As can be found in Figs. 4, 6, and 8, a part of the ionic liquid left the cylinder accompanying with the hydrogen gas during the discharge process of each compression cycle, while some of the gas was trapped in the cylinder and could not be discharged in time, which caused an increase in the clearance volume of the compressor. The increase in the clearance volume led to a longer expansion process and a reduction in the volumetric efficiency of the compressor. Figure 9 illustrates the duration of the expansion process at different cycles for the case with an H-shaped piston and the case with a normal piston. The duration of the expansion process in the first compression cycle with an H-shaped piston was 0.0047 s, which was much shorter than 0.0076 s for a normal piston cylinder. During the second and third compression cycles, the duration of the expansion process increased in both cases as a result of the continuous loss of ionic liquid, but it was obvious that the duration of the expansion process in the case with a H-shaped piston was always lower than that in the case with normal piston. It is demonstrated that the application of the novel H-shaped piston can effectively reduce the clearance volume and improve the efficiency of the compressor comparing with the normal piston, while the H-shaped piston can keep sufficient ionic liquid in the sealing location between the piston and the cylinder wall to perform the sealing and lubricating functions throughout the compression cycles.

Fig. 9
A line graph plots duration of expansion process versus the number of cycles. Normal piston, (1, 0.0075), (2, 0.009), (3, 0.0095). H-shaped piston, (1, 0.0045), (2, 0.007), (3, 0.0072). Values are estimated.
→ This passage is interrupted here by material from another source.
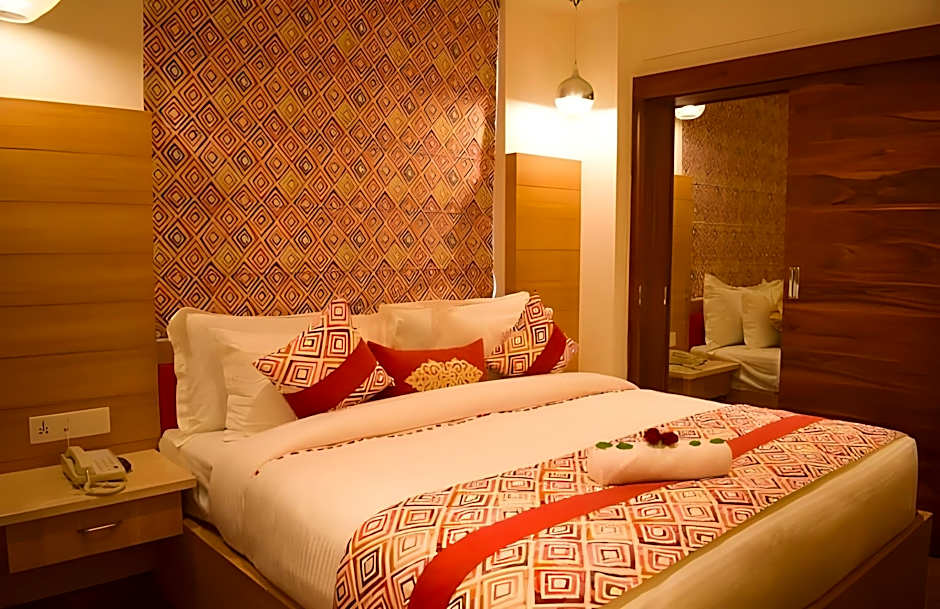 One Earth GG Regency (80 Steps to Golden Temple)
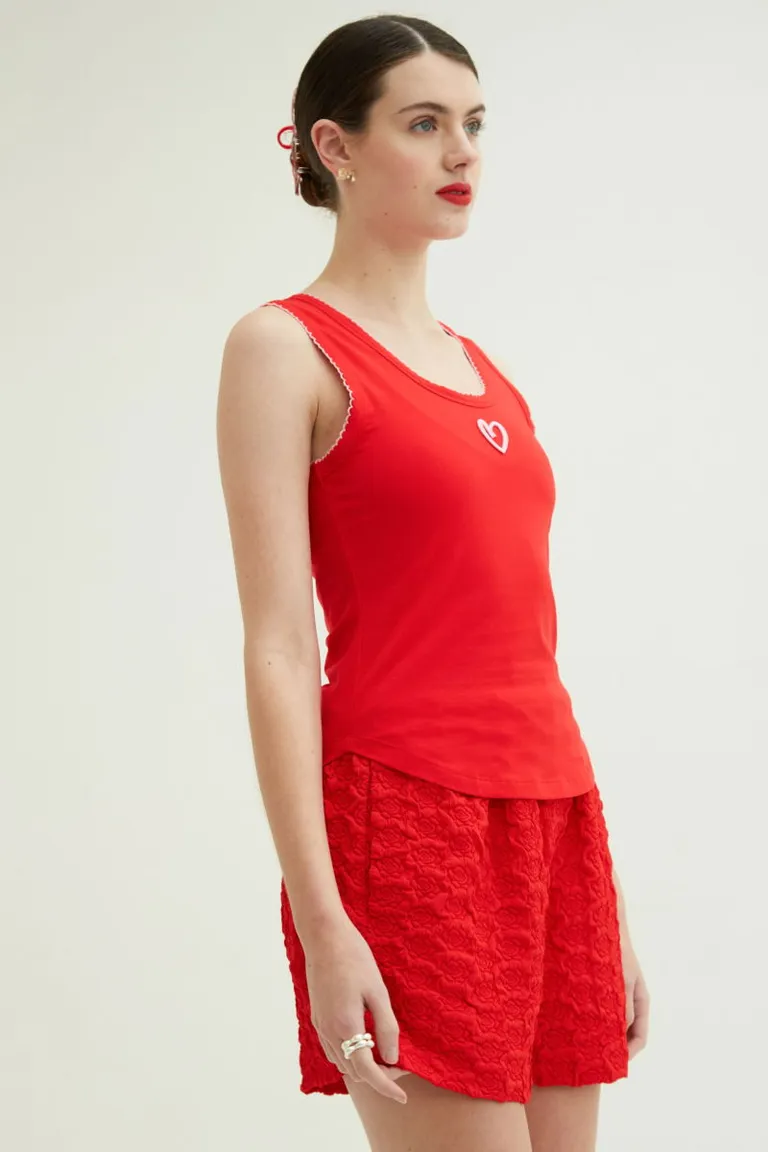 Musculosa de algodón rojo con bordados y detalles ondulados en cuello y sisas de Las Pepas en Remeras para argentina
Duration of the expansion process at different cycles for the case with an H-shaped piston and the case with a normal piston

4 Conclusion

In this article, a numerical model of an ionic compressor cylinder with a novel H-shaped piston has been established, and dynamic 3D simulations has been carried out to investigate the two-phase behavior in the cylinder by the VOF method and the dynamic mesh technique. The effect of the H-shaped piston on the variation of the two-phase interface and the clearance volume of the compressor has been discussed for optimizing the design of the ionic compressor.

Main conclusions of this study can be summarized as follows:

The shape of the liquid piston could not remain stable during all three compression cycles. A part of the ionic liquid leaked out of the cylinder in the discharge process of each compression cycle, resulting in an increase in the clearance volume of the compressor. There was always sufficient ionic liquid retained in the sealing location between the piston and the cylinder wall to perform the sealing and lubrication functions of the compressor.

Two gas vortexes were observed and increased in size with the movement of the solid piston in the suction process of all three compression cycles. The vortex in the left side of the cylinder split into two small vortexes due to restriction of the liquid on the cylinder wall, which occurred in the late second cycle. It was demonstrated that the distribution of the liquid in the cylinder corresponded to the distribution of the gas vortex.

The clearance volume of the cylinder with an H-shaped piston was smaller than that of the cylinder with a normal piston in all three compression cycles, which indicated that the higher volumetric efficiency of the compressor could be obtained with the H-shaped piston.